The approach we take can make such a difference to how people feel. If we humanise our approach through a warm and friendly onboarding experience, it can establish a good working relationship from the word go. It can reinforce in the new starter’s mind that they made a great decision to join your organisation and bring their skills and talents for the good of the business.
Too often the whole experience feels cold and unwelcoming for new starters. We don’t use the early interactions to excite or inspire people.
When hiring, it’s natural to promote the positive things we see in our organisations and working cultures. The positive impression conveyed as part of the hiring process to the candidate does not always match with the actual onboarding experience. For all the positive things we say about our culture during recruitment, initial onboarding approaches can fail to meet expectations. There is often too much reliance given to form filling, ‘tick box induction’ processes and adherence to rules designed by HR to meet their needs for standardisation and consistency. Too often the whole experience feels cold and unwelcoming for new starters. We don’t use the early interactions to excite or inspire people. The overwhelming feeling for the new hire can be one of disappointment.

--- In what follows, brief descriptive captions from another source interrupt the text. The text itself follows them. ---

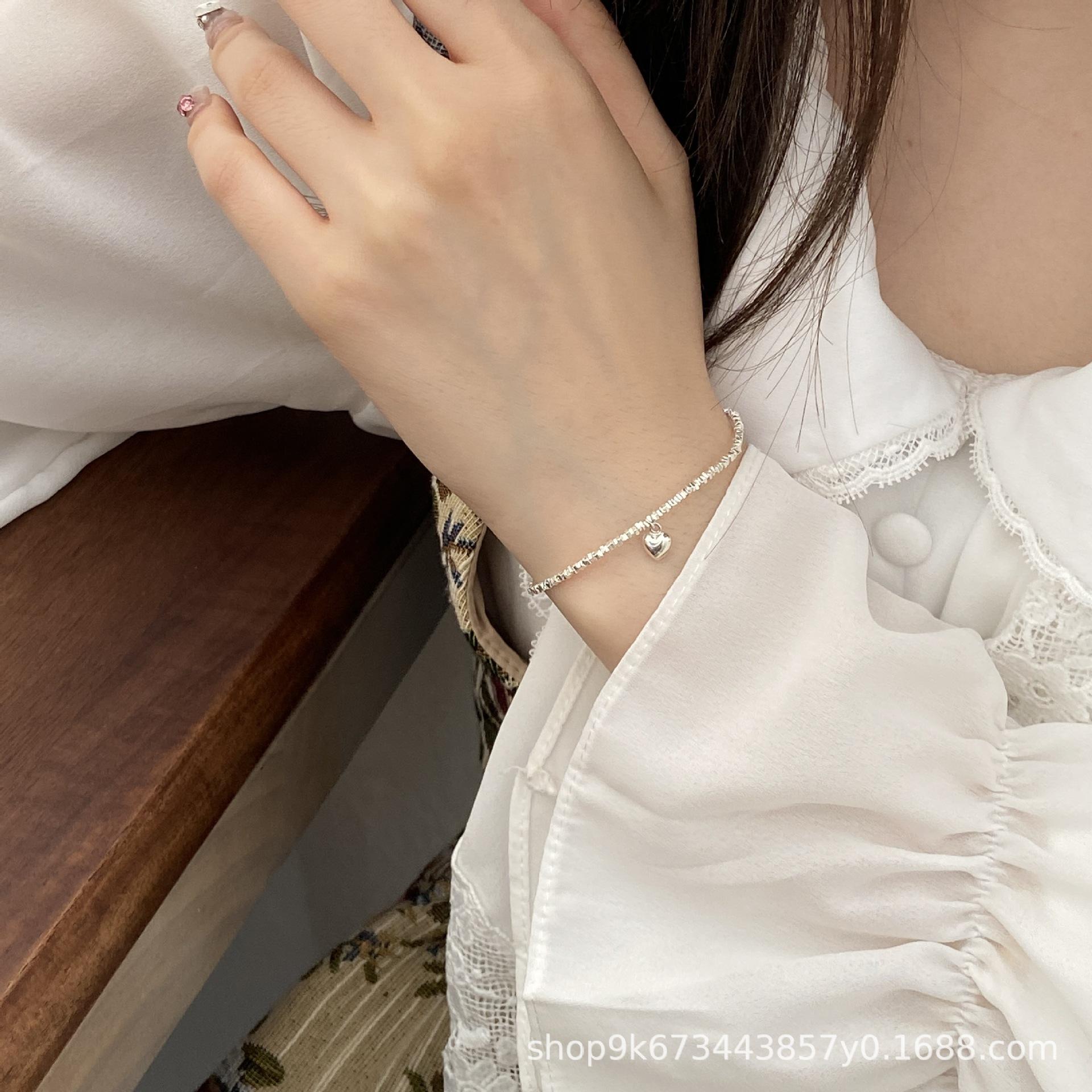 碎银子爱心手链22.jpg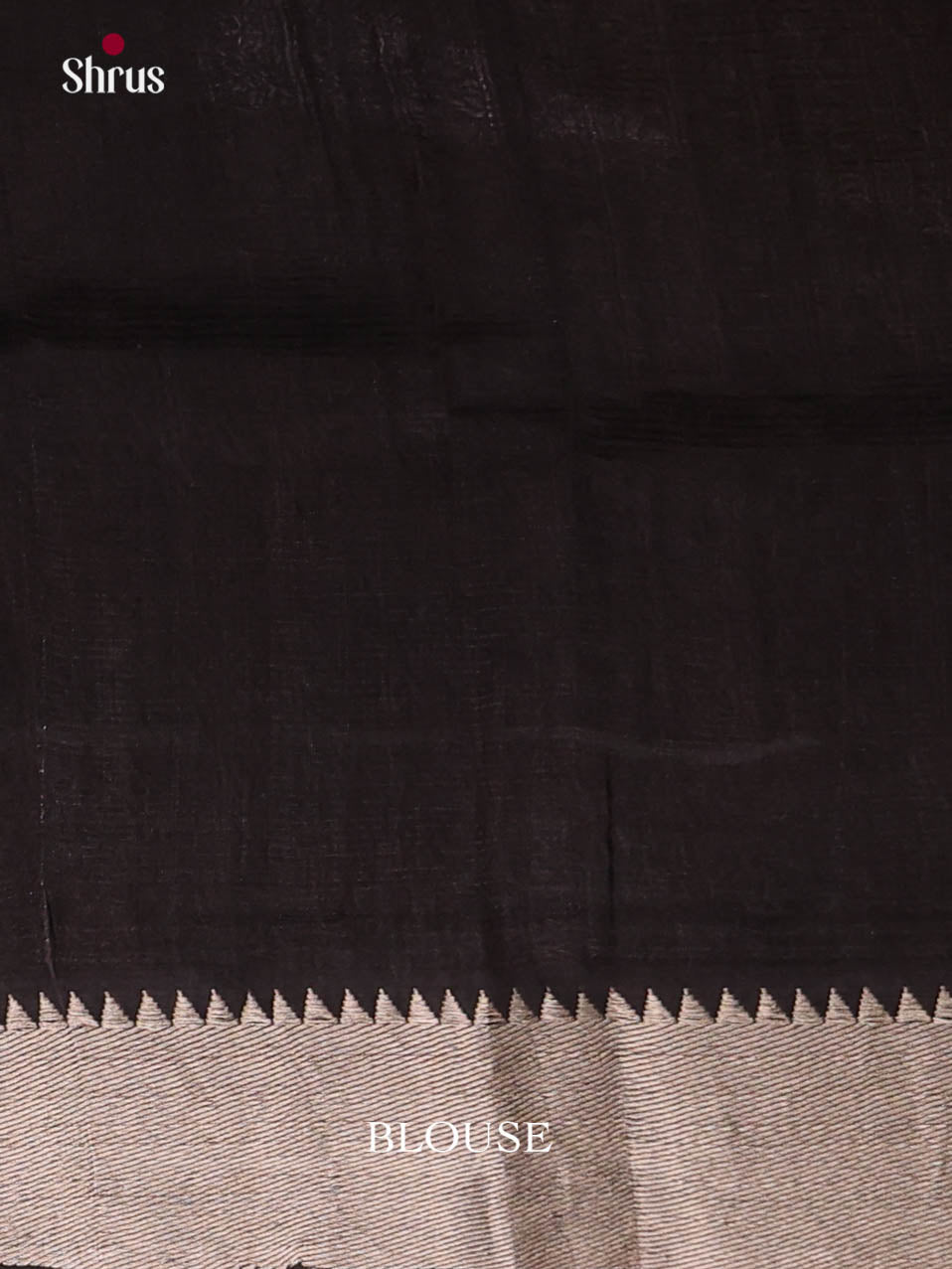 DIS26386 - Mangalagiri printed silkcotton Saree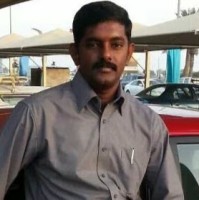 Arun Raj
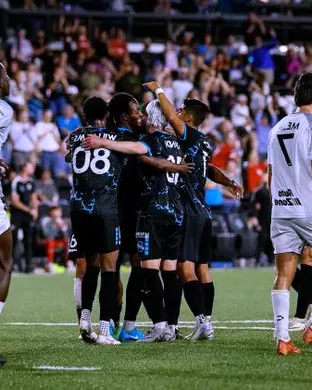 Colorado Springs Switchbacks Fc Oakland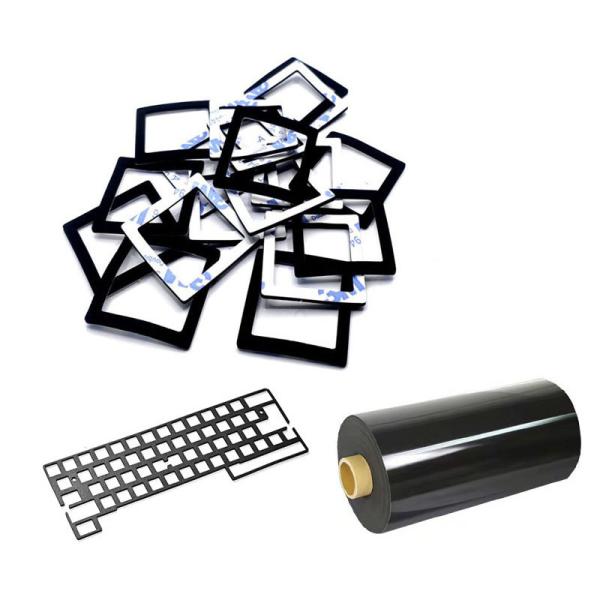 Quality INOAC H-24 Polyurethane Foam Highly Sealed Cushioning Material wholesale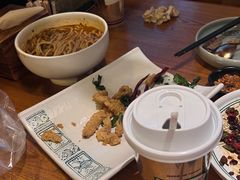 -云海肴·汽锅鸡·云南菜(苏州中心店)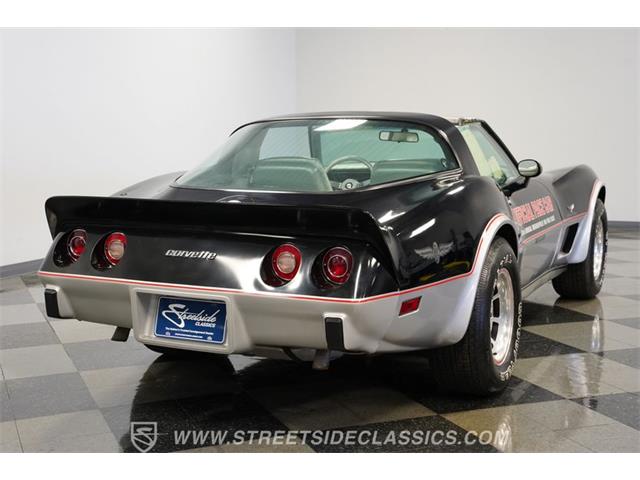 1978 Chevrolet Corvette (CC-2076393) for sale in Concord, North Carolina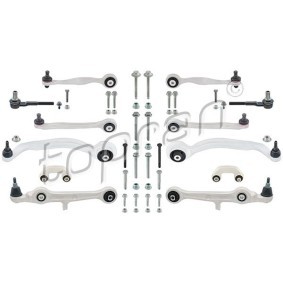 Achetez des Capteur PMH TOPRAN 721 695 à prix pour 19,73 €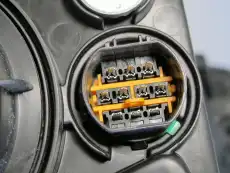 Фара CARTRONIC CRTR0120589
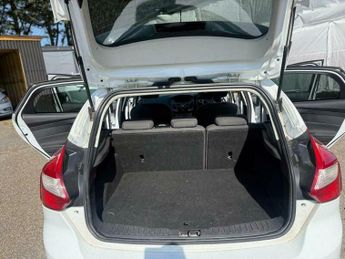 Ford Focus 1.6 Titanium Powershift Euro 5 5dr
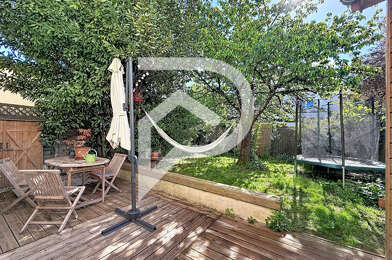 Maison 5 pièces 275000 €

There is often too little emphasis placed on purpose and values when we bring new people into our organisations. Having a framework for handling induction is helpful, but we need to humanise the whole approach. A framework allows us to cover the things that are important and highlight what the organisation stands for. To be effective, it should always be delivered in a humanised way.
The real value within an onboarding approach is a connection at a human level. The initial start provides a fantastic opportunity to connect new people with the meaningful work being done by the organisation. It sets the tone for what is to follow. It should convey clearly ‘that when we said we really did value people as part of our culture when we were looking to hire you, we really meant it’. It explains to the individual how much we value them and their decision to join us, and for them to see how they contribute to the overall cause and purpose. It reinforces in their mind that they made a great decision to join our organisation.
So rather than see induction or onboarding in purely process terms, let’s centre the whole exercise around human connection. Let’s take the opportunity for each person to feel like an individual and not just a number. HR should be leading the way in humanising this and many other processes within our organisations. Delivering a great employee experience from the word go is the real measure of success that HR should be looking for.